Его толстые черные волосы были зализаны назад, как у индейца; узкое лицо тщательно выбрито; он благоухал дорогим лосьоном. В дополнение ко всему у него были всезнающие глаза профессионального сводника, дребезжащий голос уличного торговца, и его прошлое, каким бы оно ни было, обременило его внешностью вора. В ушах Оукли еще звучали слова Коннистона, сказанные им час назад: «Он здесь уже четыре дня. Не спрашивай, когда мы от него избавимся. Некоторые люди дольше остаются на неделю, чем иные на год».
— Вы с Луизой знали друг друга в Нью-Йорке? — спросил Карл.
— Вместе работали в телевизионных представлениях, — ответил Адамс и, приняв позу Эда Салливана, продекламировал: «С-годня, л-ди и дженнельм-ны, в нашем шоу з-меча-тельная Л-луиза Харрис, прямо из звездной роли на Бродвее с м-стром Ген-нри Фон-нда. А сейчас, л-ди и дженнельм-ны, слушайте Фрэнки Адамса!» — Клоун поклонился публике и кашлянул в кулак.

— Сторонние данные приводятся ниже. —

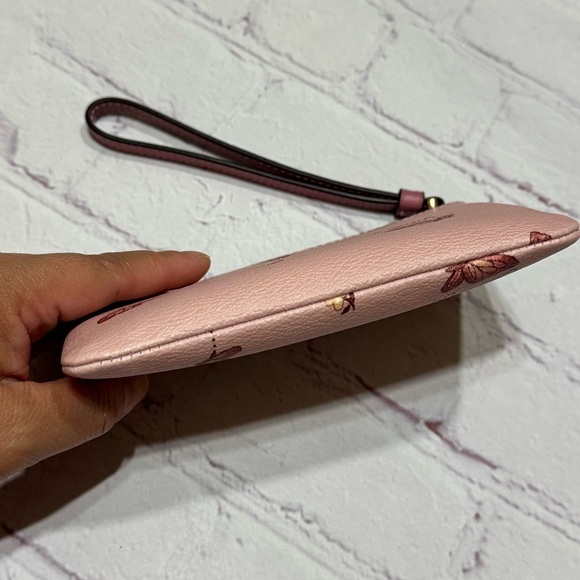 COACH Corner Zip Wristlet In Pink Signature Canvas With ButterFly Print nwt - Picture 5 of 10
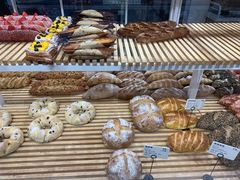 -焙丽拾光(麦凯乐直营店)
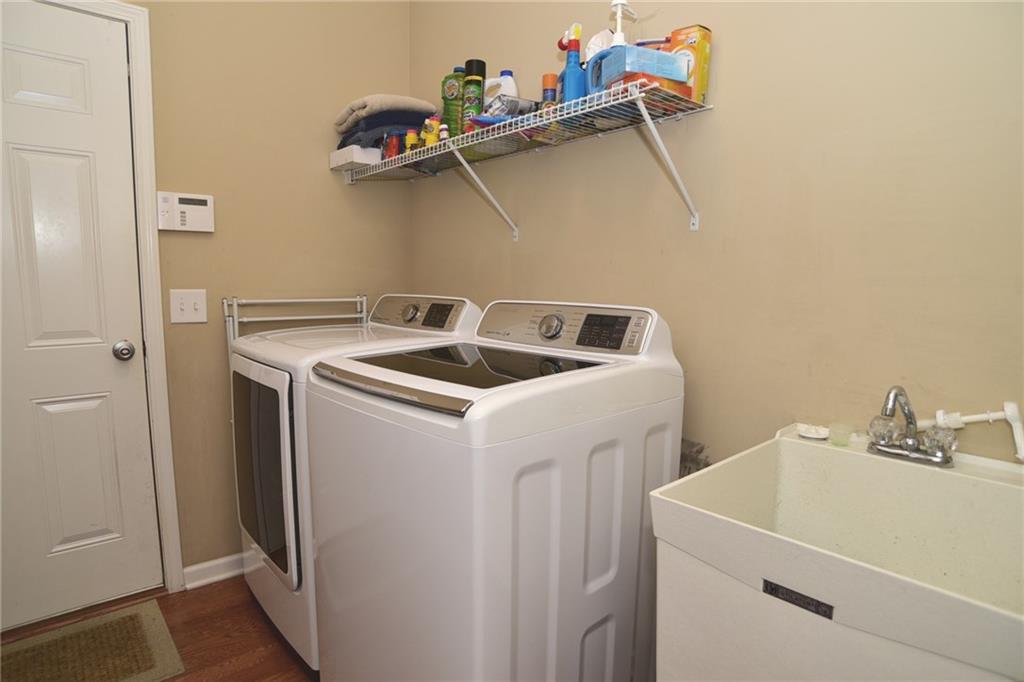 10404 Sugar Ridge Way Indianapolis, IN 46239 - Photo 19 of 48 Gallery Image 19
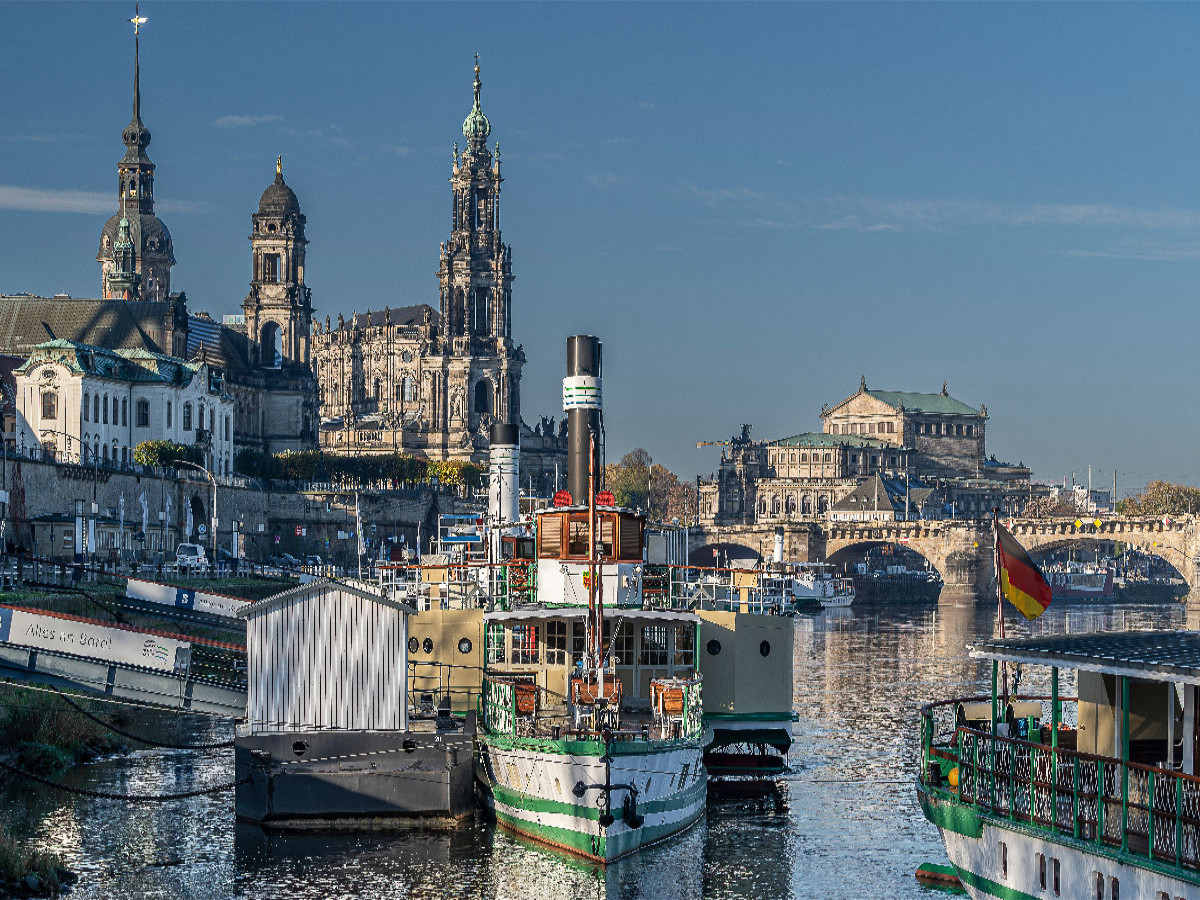 Sächsische Dampfschifffahrt mit blick auf die Hofkirsche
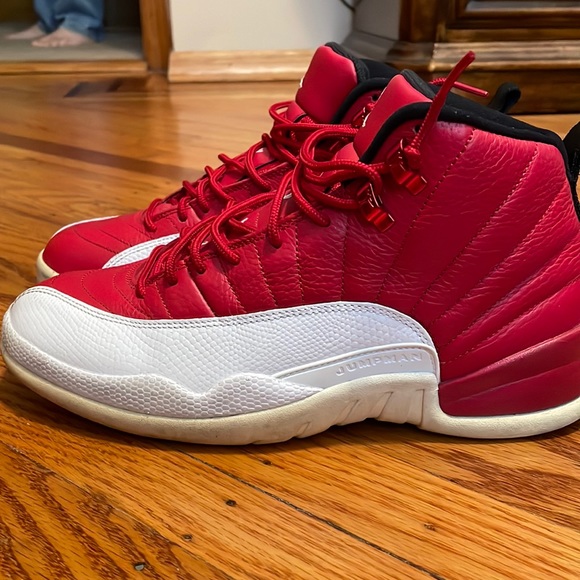 gym red 12s size 9
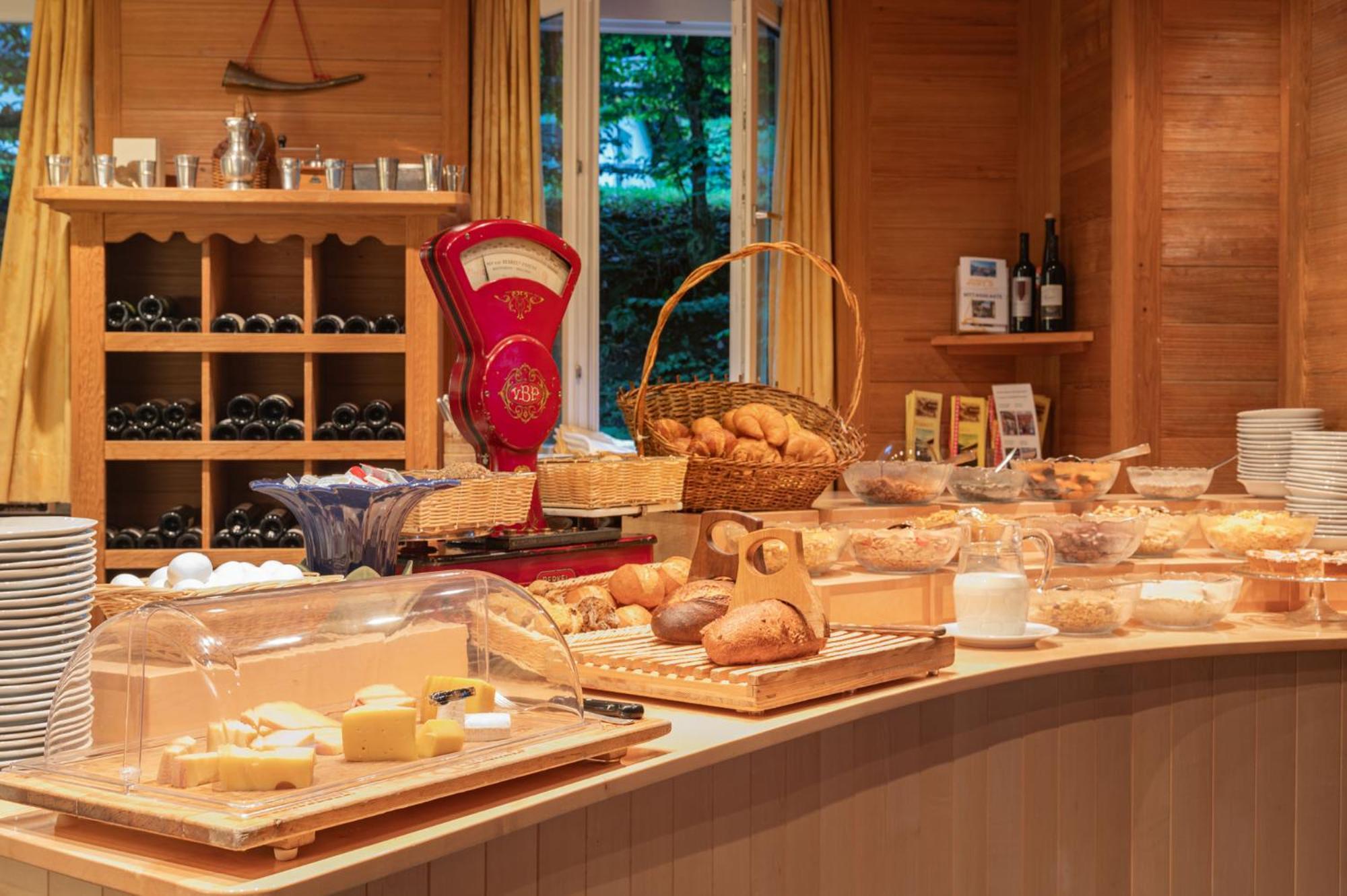 Hotel Bellevue - Traditional Swiss Hideaway Wengen Exterior photo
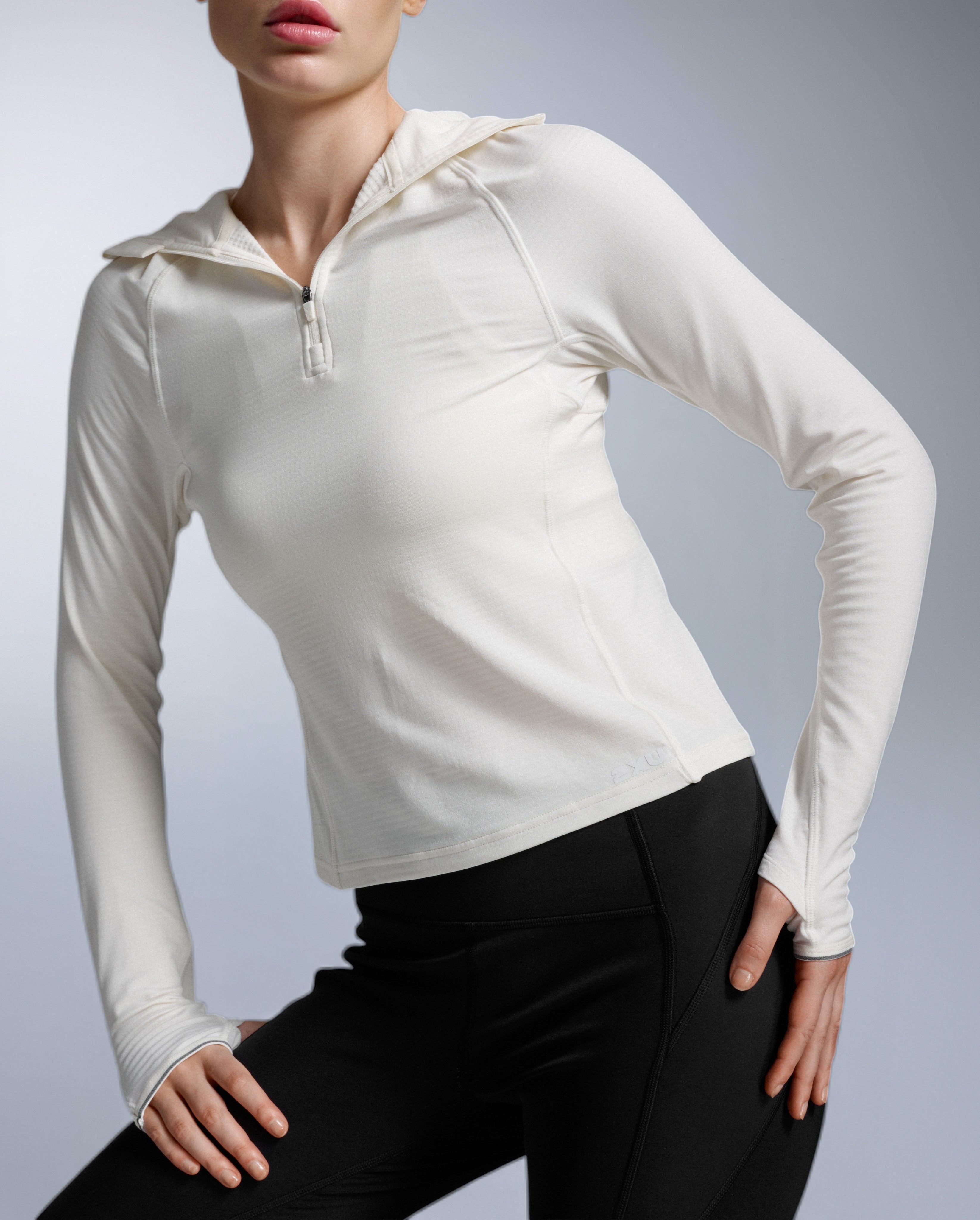 2xu-ignition-grid-hoodie-damen-chalk-1-2-zip-warm image 2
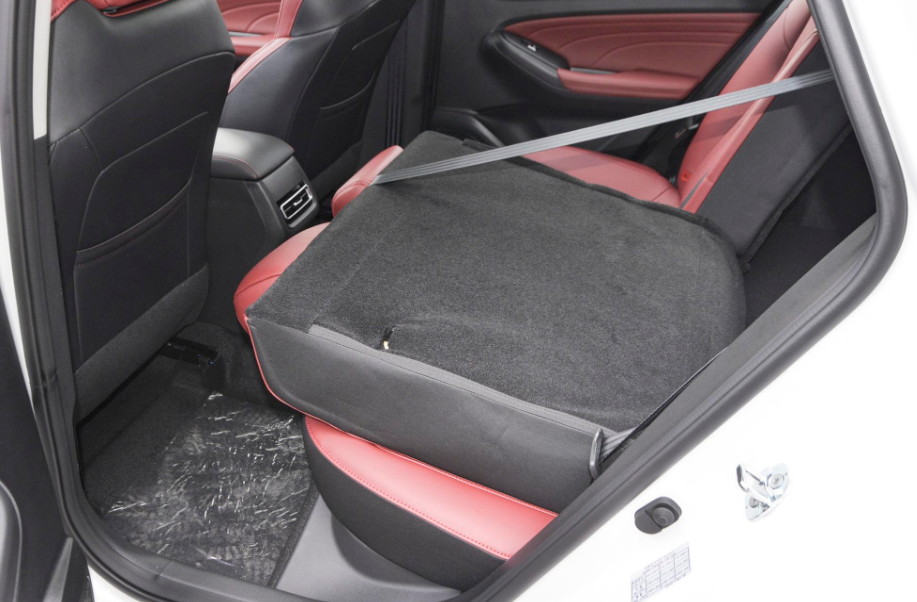 长安逸动plus评测，底盘，动力，空间不输同级合资车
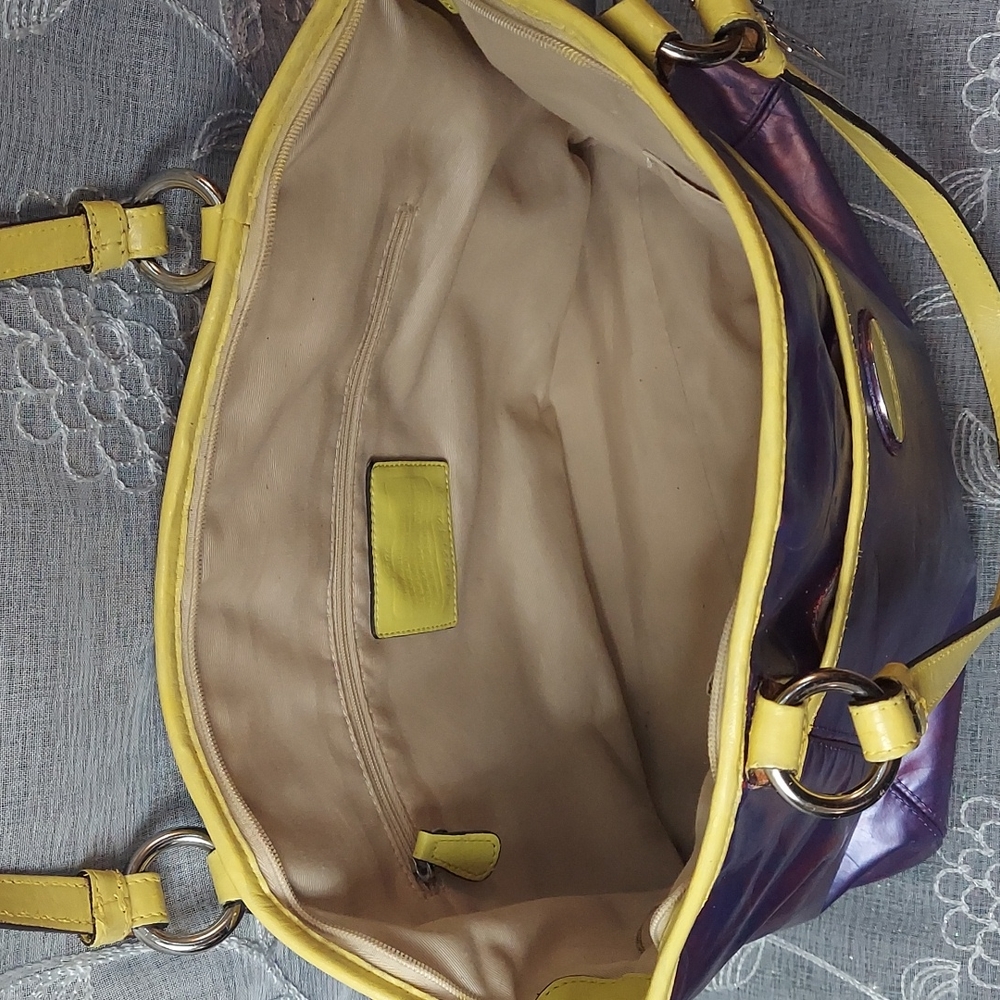 Coach embossed tote - Picture 3 of 8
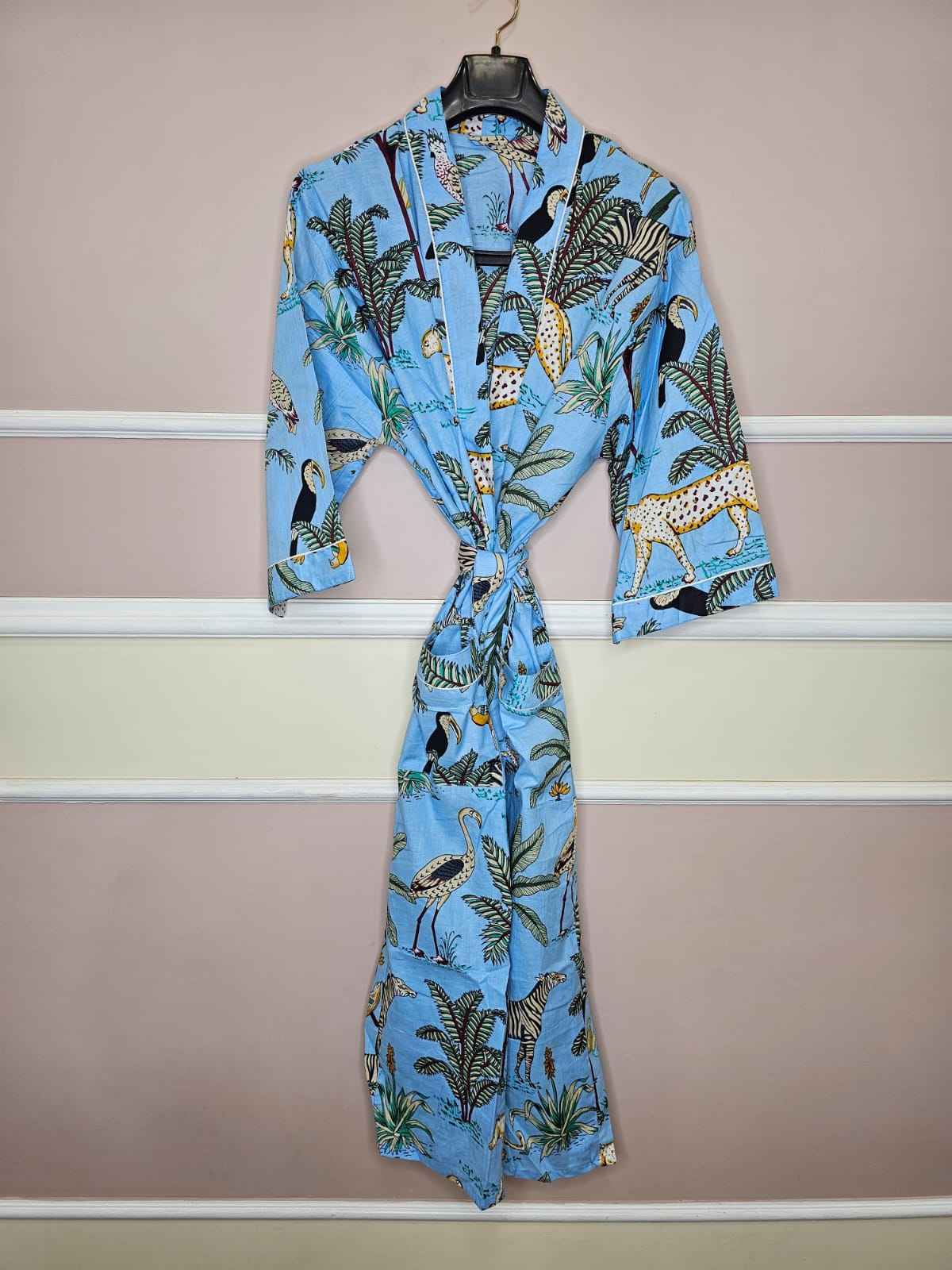 ตามที่แสดงในภาพ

Коннистон подошел к ним с маленьким круглым деревянным подносом, на котором стояли четыре бокала с напитками. От Оукли не укрылось, что жидкость в них плескалась. Луиза все еще весело смеялась над тем, как Адамс скопировал Салливана. Оукли должен был признать, что это получилось у него здорово. Голос и произношение были сымитированы удивительно точно. Между тем Адамс повернулся к Луизе и разразился речью Уайтта Эрпа из «Моей дорогой Клементины», заставив Карла согнуться от хохота. Один Коннистон даже не улыбнулся. Он с удивлением смотрел на жену, которая в компании Адамса неосознанно принимала театральные позы. («Похоже, сукин сын без работы, — еще в офисе объяснил Эрл Оукли. — Гостит у старых приятелей, пока его агент не добудет ему ангажемента. Говорит, что прогорел, потому что пародировал медленных лошадей. Рассказал мне, что его отец был всегда впереди своего времени, но в двадцать восьмом году обанкротился, что, по-видимому, должно было меня сильно рассмешить. Терпеть не могу этого испорченного маленького ублюдка!»)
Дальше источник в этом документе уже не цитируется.